# Data:
:::::

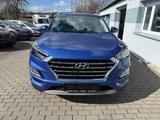 Hyundai Tucson 1,6D 2WD Aut. LED Navi Kamera 44Tkm - Hyundai TUCSON Gebrauchtwagen in Chemnitz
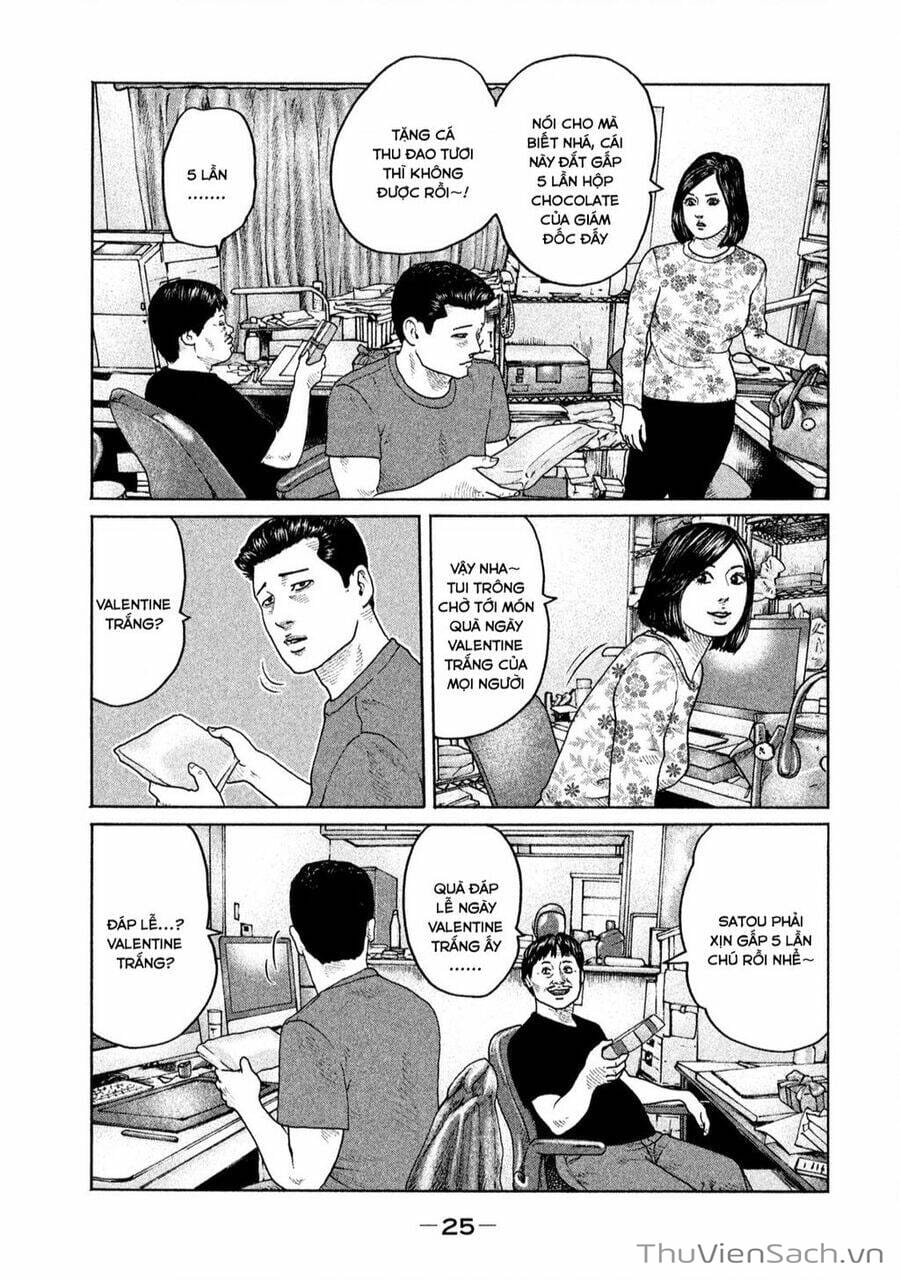 Truyện Tranh Sát Thủ Ẩn Dật - The Fable trang 2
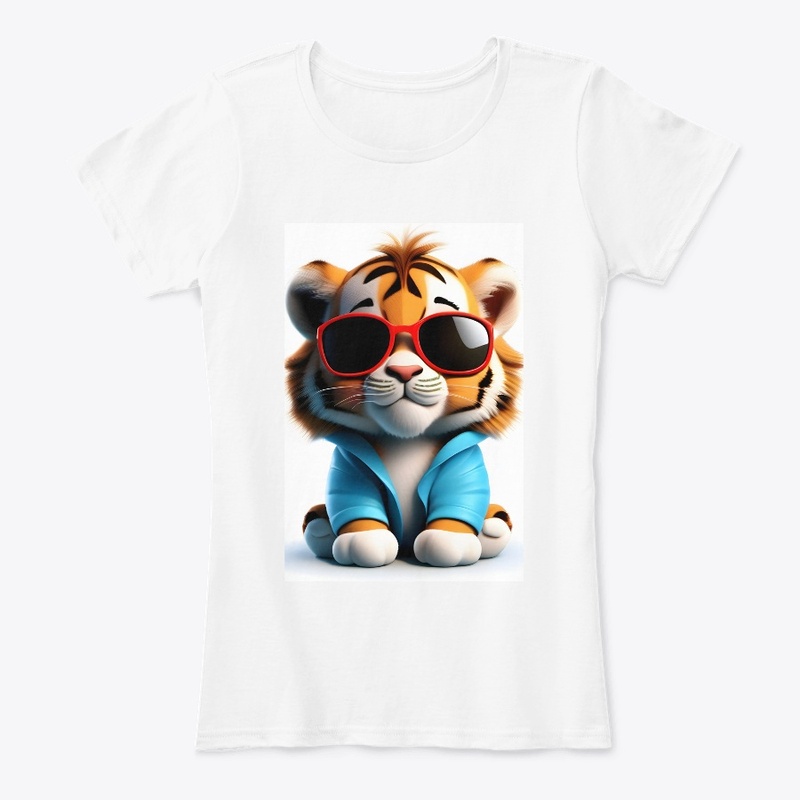 Chill Tiger Vibes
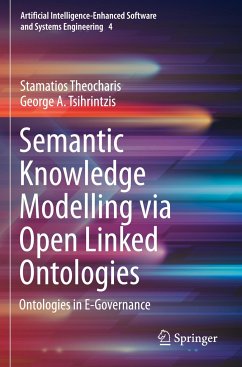 Semantic Knowledge Modelling via Open Linked Ontologies - Theocharis, Stamatios;Tsihrintzis, George A.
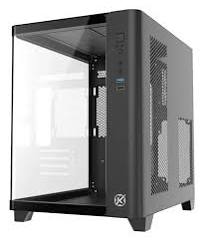 Gabinete Gamer Kalkan Midgard Curve Preto Aquário KLK00072 sem fans | Infopeças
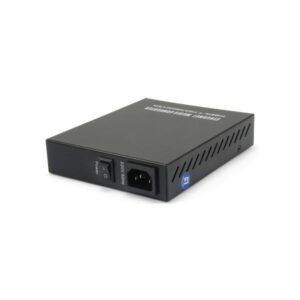 LevelOne GVM-1220 - Convertitore multimediale - LAN 100 Mb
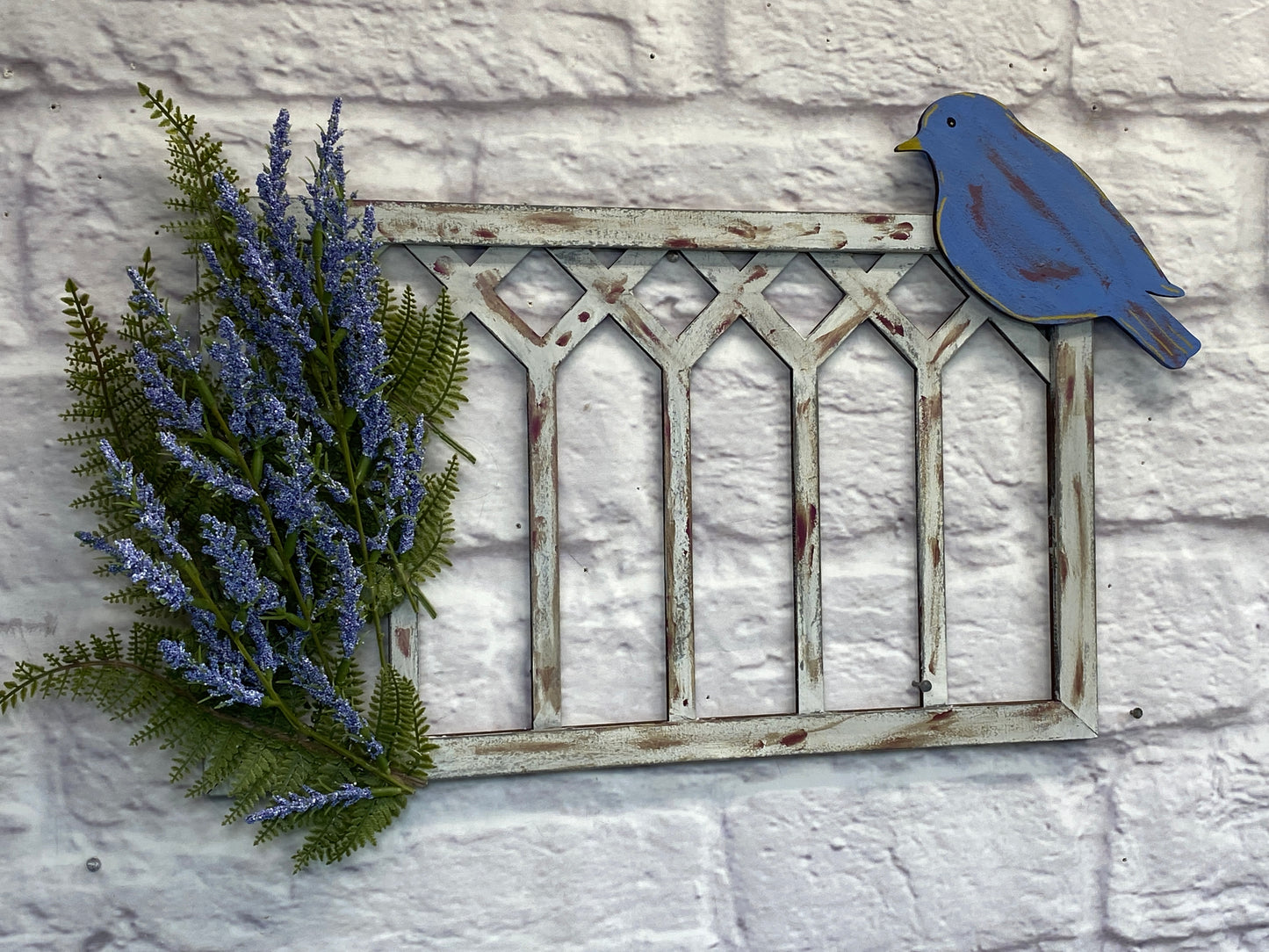 Window / Trellis Door Hanger / Wall Décor Laser Cut Blank for DIY Project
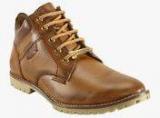 Bacca Bucci Brown Lifestyle Shoes men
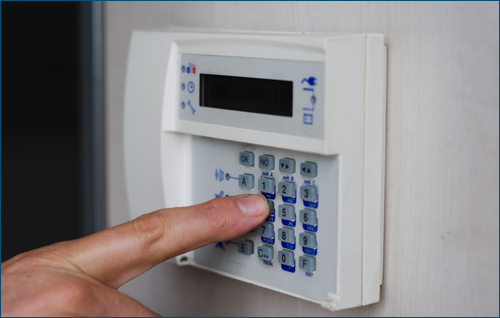 Wired or Wireless Alarm Systems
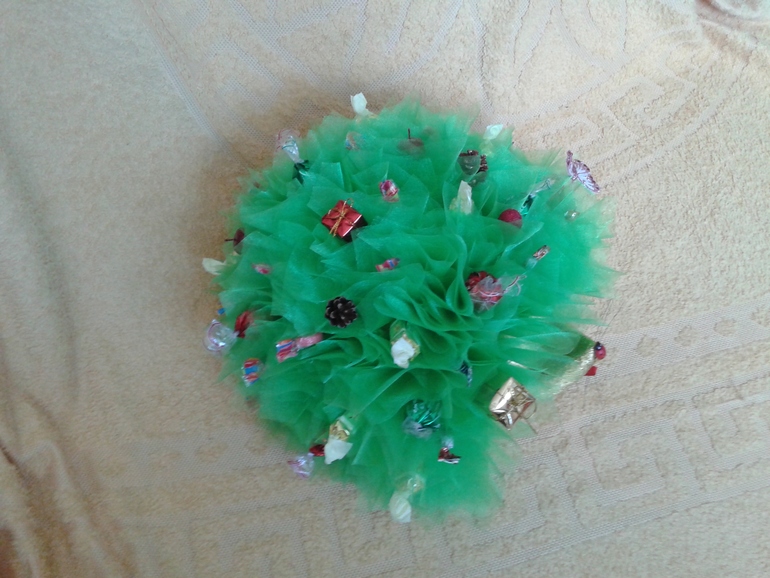 весенний ёжик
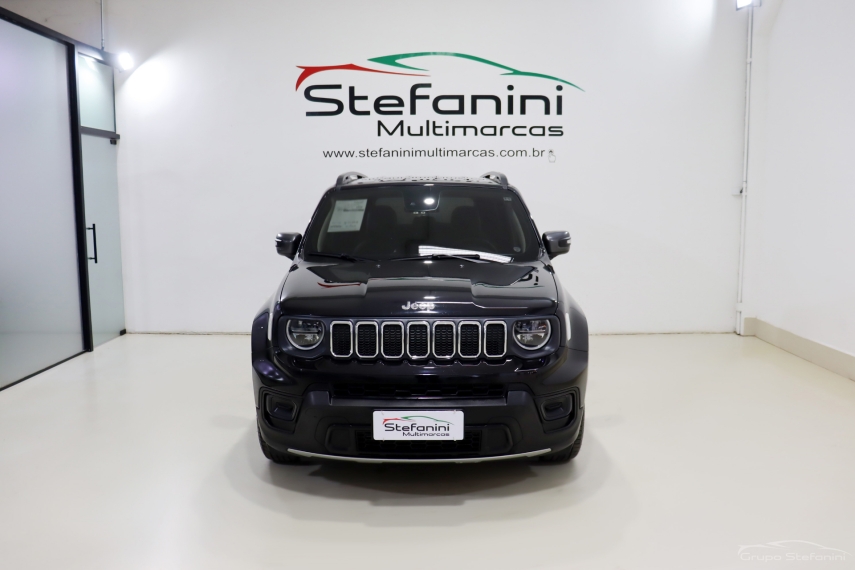 jeep renegade 1.3 t270 turbo flex longitude at6 4p automatico 20241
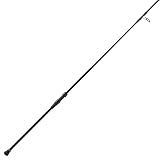 Penn Squadron IV Surf Spinning Rod, 8', 2-Piece Saltwater Fishing Rod, Medium Power, 12-20 lb Line Rating, 3/4-3 oz Lure Rating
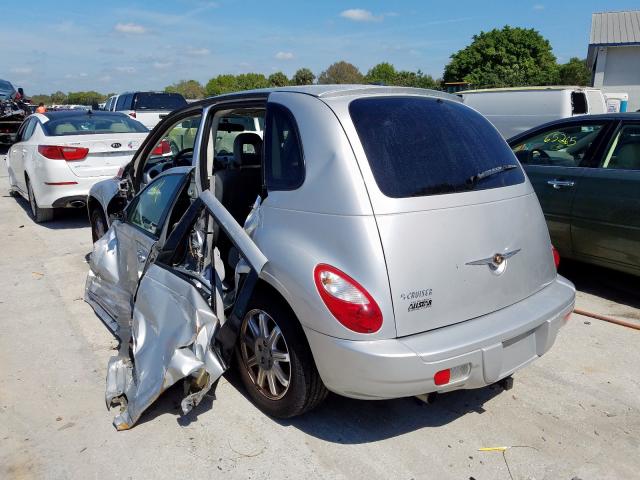 3A4GY5F9XAT188826 - 2010 CHRYSLER PT CRUISER  photo 3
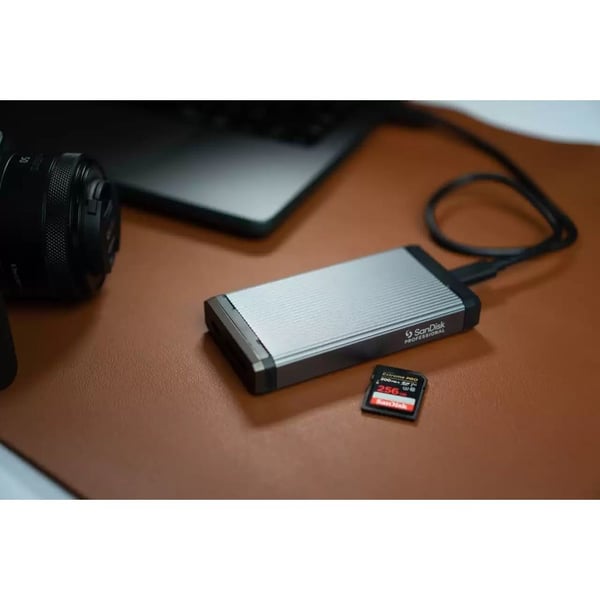 SanDisk 512GB Extreme Pro microSD UHS I Card for 4K Video , Red/Black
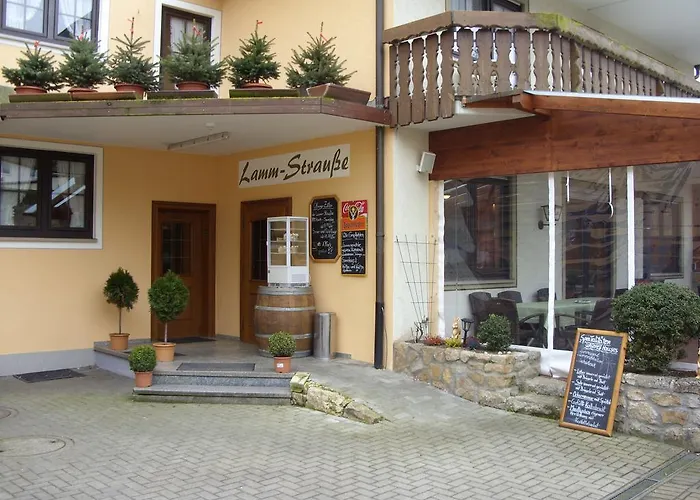 Gasthaus Zum Lamm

:::::

# What to produce:
Extract, character for character, every line from the one that holds "Penn Squadron IV" through the end of the entries above. Include both boundary lines and no pictures.

# Result:
 Penn Squadron IV Surf Spinning Rod, 8', 2-Piece Saltwater Fishing Rod, Medium Power, 12-20 lb Line Rating, 3/4-3 oz Lure Rating
 3A4GY5F9XAT188826 - 2010 CHRYSLER PT CRUISER  photo 3
 SanDisk 512GB Extreme Pro microSD UHS I Card for 4K Video , Red/Black
 Gasthaus Zum Lamm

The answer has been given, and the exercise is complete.